×
Parcourir

Est-ce que L’Exode est un mythe ?

L’exode des Israélites hors d’Égypte est un récit majeur auquel il est fait référence tout au long de la Bible et qui est connu de millions de personnes de par le monde. Mais beaucoup se demandent si l’exode a réellement eu lieu, du fait de l’absence présumée de preuves archéologiques et du scepticisme général quant à la fiabilité historique des récits bibliques. Il est souvent considéré comme un mythe ou une construction légendaire faite de morceaux de différents événements historiques qui s’étendent sur des périodes diverses, le tout mêlé en un seul récit.

Papyrus Brooklyn ©Titus Kennedy

L’un des arguments couramment avancés contre l’existence d’un exode historique est qu’il n’y aurait que peu ou pas de preuves d’un tel événement. Cependant, les preuves archéologiques et historiques attestent de la fiabilité du récit biblique de l’exode et de l’installation en Canaan.

Les Hébreux en Égypte

Le premier élément de cette histoire capitale est l’affirmation selon laquelle les Hébreux se sont installés en Égypte et y ont résidé pendant de nombreuses générations. D’une manière générale, les découvertes archéologiques montrent clairement que les Sémites de Canaan ont migré en Égypte et se sont installés dans la région nord-est du delta du Nil (Goshen), comme en témoignent des formes spécifiques de poterie, des coutumes funéraires, des outils et des armes, des inscriptions, des documents historiques, une race de mouton levantine, des peintures murales et même des divinités importées.
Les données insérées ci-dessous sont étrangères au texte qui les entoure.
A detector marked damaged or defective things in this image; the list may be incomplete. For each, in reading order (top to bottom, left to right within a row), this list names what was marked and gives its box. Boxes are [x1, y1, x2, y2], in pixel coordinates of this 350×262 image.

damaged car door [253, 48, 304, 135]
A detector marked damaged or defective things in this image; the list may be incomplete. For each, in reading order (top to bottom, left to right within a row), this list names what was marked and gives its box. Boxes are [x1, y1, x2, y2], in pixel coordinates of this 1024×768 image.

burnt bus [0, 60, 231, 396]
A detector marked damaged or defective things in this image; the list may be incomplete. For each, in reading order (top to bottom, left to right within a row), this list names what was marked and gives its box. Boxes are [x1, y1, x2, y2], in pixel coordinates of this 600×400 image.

En outre, il existe des preuves au sujet de la présence en Égypte avant l’exode de personnes pouvant être spécifiquement identifiées comme des Hébreux. Une liste égyptienne d’esclaves domestiques sur le Papyrus Brooklyn 35.1446, probablement originaire de Thèbes et datant approximativement du 17ᵉ siècle avant J.-C., contient les noms de plus de 30 Sémites, auxquels, comme à Joseph, ont été donnés de nouveaux noms égyptiens (Gen. 41:45).1

Voici certains des noms hébreux figurant sur ce papyrus :

Nom hébreu sur le Papyrus Brooklyn Référence dans l’Écriture
Shiphrah Exode 1:15
‘Aqoba (Jacob/Yaqob) Genèse 25:26
Dawidi-huat (David) 1 Samuel 16:13
Esebtw (“herb”) Deutéronome 32:2
Hayah-wr (Eve) Genèse 3:20
Menahema (Menahem) 2 Rois 15:14
Ashera (Ascher) Genèse 30:13
Sekera (Issacar) Genèse 30:18
Hy’b’rw (Hébreu) Genèse 39:17

 

D’autres noms associés aux Hébreux ­- Jacob-El (Yaqub) sur des scarabées (NdT : bijoux sacrés) provenant de divers endroits et peut-être Jesse (Yushay) sur un ostracon (NdT : tesson de poterie utilisé pour écrire ou dessiner) de Deir el-Bahri ­- ont été trouvés en Égypte dans des contextes antérieurs à l’exode.

Une politique d’asservissement généralisé des Sémites ou des Asiatiques a également été mise en œuvre en Égypte. Elle a débuté avec le pharaon Ahmôsis Ier et la fondation de la XVIIIe dynastie, à l’époque où « un nouveau roi parvint au pouvoir en Égypte, un roi qui n’avait pas connu Joseph » (Ex. 1:8–14; 5:4–19). Cet asservissement comprenait la production de briques d’argile, des projets de construction et de l’agriculture.2

Ces récits d’esclavage hébraïque semblent coïncider avec la découverte, lors des fouilles de Ramsès (Tell el-Daba) et de Pithom (Tell Retabeh) au début de la XVIIIe dynastie, de grands entrepôts construits en briques d’argile, ainsi que de celle d’un palais royal égyptien situé sur les rives du fleuve et datant de cette époque (Ex 1:11 ; Ex 2:5-10, Actes 7:20–22).3

Dates de l’Exode et du règne de Pharaon

Une enquête approfondie sur l’exode historique exige toutefois de savoir précisément quand il a eu lieu. L’Écriture contient des indices à la fois évidents et subtils.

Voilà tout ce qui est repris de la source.